By | Published on Monday 21 February 2022

Jamal Edwards

SBTV founder Jamal Edwards has died, aged 31, it was confirmed last night. In a statement, his mother, TV presenter Brenda Edwards, said that he had died on Sunday morning following a ”sudden illness”.

“It is with the deepest heartache that I confirm that my beautiful son Jamal Edwards passed away yesterday morning after a sudden illness”, said Brenda Edwards, in a statement shared by Loose Women on Twitter. “Myself, his sister Tanisha and the rest of his family and friends are completely devastated. He was the centre of our world”.

“As we come to terms with his passing we ask for privacy to grieve this unimaginable loss”, she added. “I would like to thank everyone for their messages of love and support. Jamal was an inspiration to myself and so many. Our love for him lives on, his legacy lives on. Long live Jamal Edwards MBE, MBA, PHD”.

A highly successful entrepreneur and media figure, Edwards began filming friends rapping in 2006, aged fifteen, setting up a YouTube channel for his videos the following year. SBTV – taking its name from his own rap moniker, SmokeyBarz – became an early online media outlet for many artists who went on to become successful – particularly in the grime scene. Stormzy, Dave, Skepta, Ed Sheeran, Emeli Sandé and many more all received early support from the platform.

The YouTube channel grew into a successful business, broadening its reach while still maintaining its grounding in British black music. Edwards also worked on fashion projects, published a book on achieving success in business, launched a record label, directed music videos and more. He was also awarded an MBE for services to music in 2014, and became an ambassador for Prince Charles’ youth charity The Prince’s Trust.

Such was his popularity in the music industry and beyond, many tributes were shared on social media as news of Edwards’ death began to spread yesterday.

Dave tweeted: “Thank you for everything, words can’t explain”, while AJ Tracey mourned the loss of a “West London legend”. George The Poet said: “So many of us owe our careers to you bro”.

Radio 1 presenter Greg James wrote: “This is absolutely horrible news. A truly wonderful, kind and funny man whose sole purpose was to encourage and support other people. The amount of love from some of the biggest artists in the world shows just how influential and pioneering he was”.

Comedian Mo Gilligan, who hosted the BRIT Awards earlier this month, which was attended by Edwards, said: “A truly humble and blessed soul. Your legacy will live on for years and you’ve inspired a whole generation”.

Rapper and comedian Ben Bailey-Smith recalled on Instagram: “I first met this visionary as a kid, when he was no more than 15/16 years old. He was local to me, had passion, positivity and a determination to bring out the best in people to an extent I had never before witnessed in someone so young”.

“I used to host an open mic for young rappers with my friends back in Carnaby 03/04/05 and he would always come film on his lil Sony Handycam – way before any of us had camera phones or anything.
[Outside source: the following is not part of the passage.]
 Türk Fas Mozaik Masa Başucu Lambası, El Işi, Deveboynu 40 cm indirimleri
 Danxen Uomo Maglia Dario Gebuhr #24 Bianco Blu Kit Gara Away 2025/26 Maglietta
One night he told me he was uploading his recordings to YouTube – I was like ‘what the fuck is YouTube?’ – THAT’S how far me and my man go back”.

“He never stopped contacting me, checking in, or just saying whagwarn – even when he was way busier than I ever was. We repped west London together as kids with nothing, we repped Grenfell together as men with influence – he never let me stop believing in the transformative power of youth and the importance of investing in young people”.

“I’m talking about a guy that genuinely believed that you could gain more from helping people than any money or job or fame could ever give you. And irrespective of the incredible success he had, he never ever lost his love for others”.